In my previous blog, Build a Mulesoft API Step By Step - Part 1 we went through a step by step process to build a MuleSoft API from the scratch. We saw RAML, Anypoint Studio, Anypoint Platform, and a lot of new tools. Now let us move on to the next step which is very important from an API Perspective. Security and Gateway. We will see how to secure the API, how to publish the API into the Exchange and How to give access to this API.


Prerequisites:

  • Access to keytool, which should be a part of Java.
  • Access to Cloudhub Anypoint Platform (Should have from Part 1)


I will refer from Step 5 as in our previous example we completed till Step 4. So, without any further ado, let us get started securing our API that we built.

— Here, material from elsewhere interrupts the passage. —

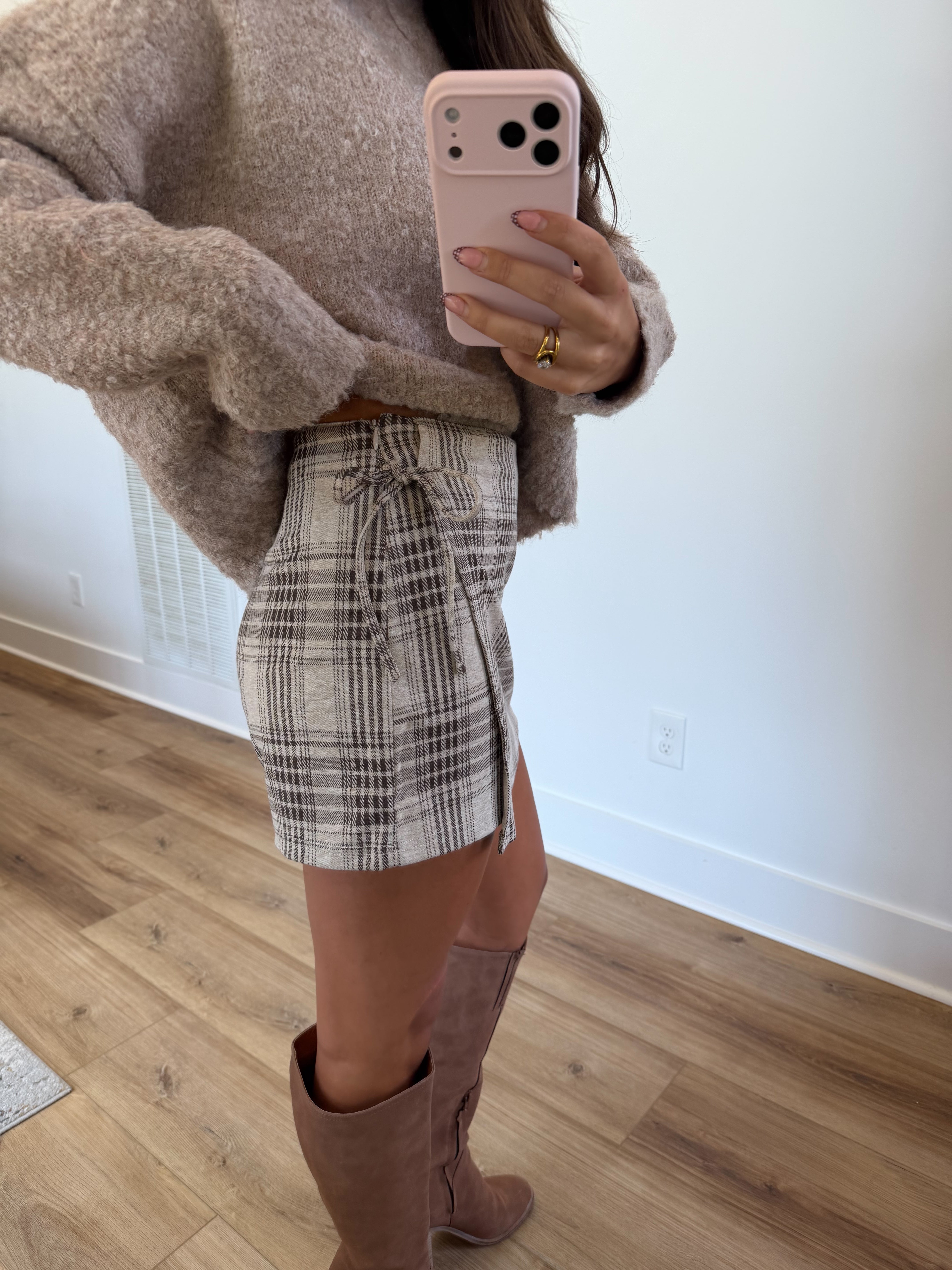 Cinnamon Plaid Skort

Step 5: Make our API secure.


To help us ensure data confidentiality, we can deploy our Mule app using an HTTPS-based service. As a first step, we will create use keytool to create the secure key for our application.

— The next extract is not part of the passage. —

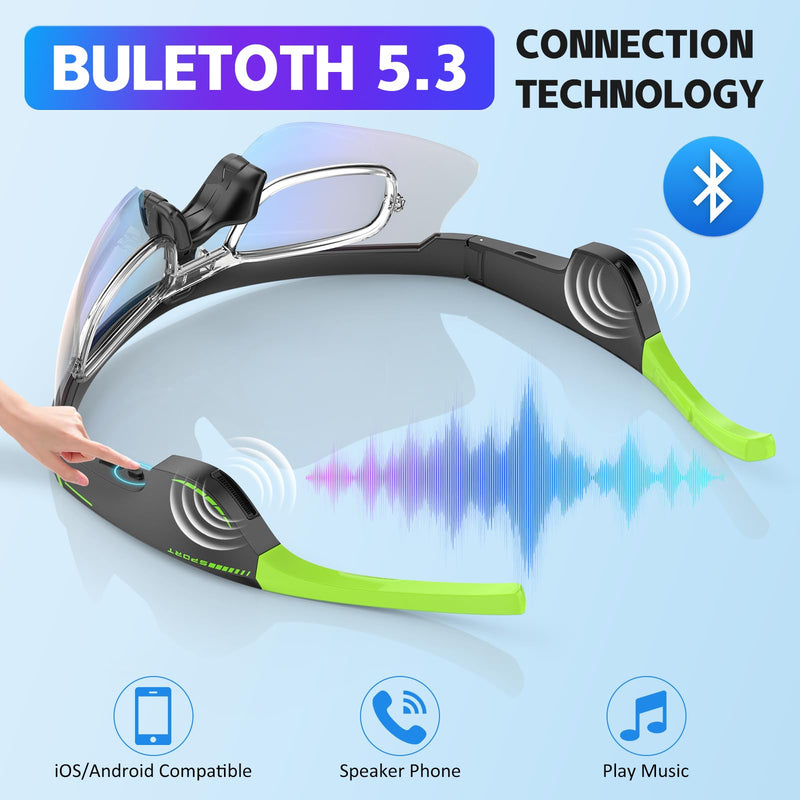 Wireless Audio Glasses with Open-Ear Sound, Bluetooth 5.0, Lightweight Frame, Transparent Gradient PC Lenses, 120mAh Battery, Up to 6H Playtime, Fast Charging, for Outdoor & Daily Use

Let us generate a keystore.jks file using the JDK keytool utility on the command line. We must also specify the hostname on the command line to generate a self-signed certificate. For example, the following command with hostname SAN=DNS:localhost,IP:127.0.0.1 creates a keystore.jks file.


We should open Command Prompt of Shell on any of the folder in our computer like /users/<username>/keys or c:\users\<username>\keys if we are on a windows and put in the following commands.


keytool -genkeypair -keystore keystore.jks  -dname "CN=<commonName>, OU=<OrgUnit>, O=<Organization>, L=<City>, ST=<State>, C=<Country>" -keypass <somePassword> -storepass <somePassword>-keyalg RSA -sigalg SHA1withRSA -keysize 2048 -alias <commonName> -ext SAN=DNS:localhost,IP:127.0.0.1 -validity 9999


I for example used this:


keytool -genkeypair -keystore keystore.jks  -dname "CN=wedointegration, OU=integration, O=wedointegration, L=Irvine, ST=California, C=US" -keypass password123 -storepass password123 -keyalg RSA -sigalg SHA1withRSA -keysize 2048 -alias wedointegration -ext SAN=DNS:localhost,IP:127.0.0.1 -validity 9999
We should drag and drop this file into the /src/main/resources folder in our anypoint studio and when it asks and click Copy files.



We should drag and drop this file into the /src/main/resources folder in our anypoint studio and when it asks and click Copy files.



Once we have copied the file into our studio, the explorer would look like this.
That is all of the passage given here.